*** Source material

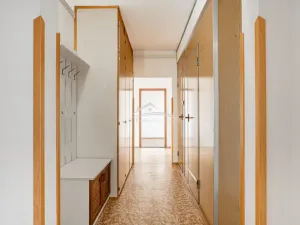 Prodej bytu 3+1, Pelhřimov, Boženy Němcové, 67 m2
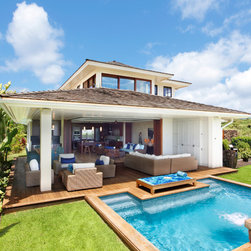 Poipu Lot 8 - Products
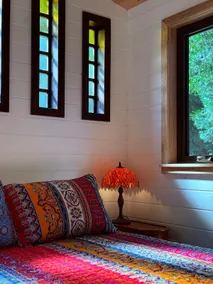 Fairytale Cabin - Image 2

******

Exercise brief
Write the material out again word for word and omit any images.

Answer to the problem
 Prodej bytu 3+1, Pelhřimov, Boženy Němcové, 67 m2
 Poipu Lot 8 - Products
 Fairytale Cabin - Image 2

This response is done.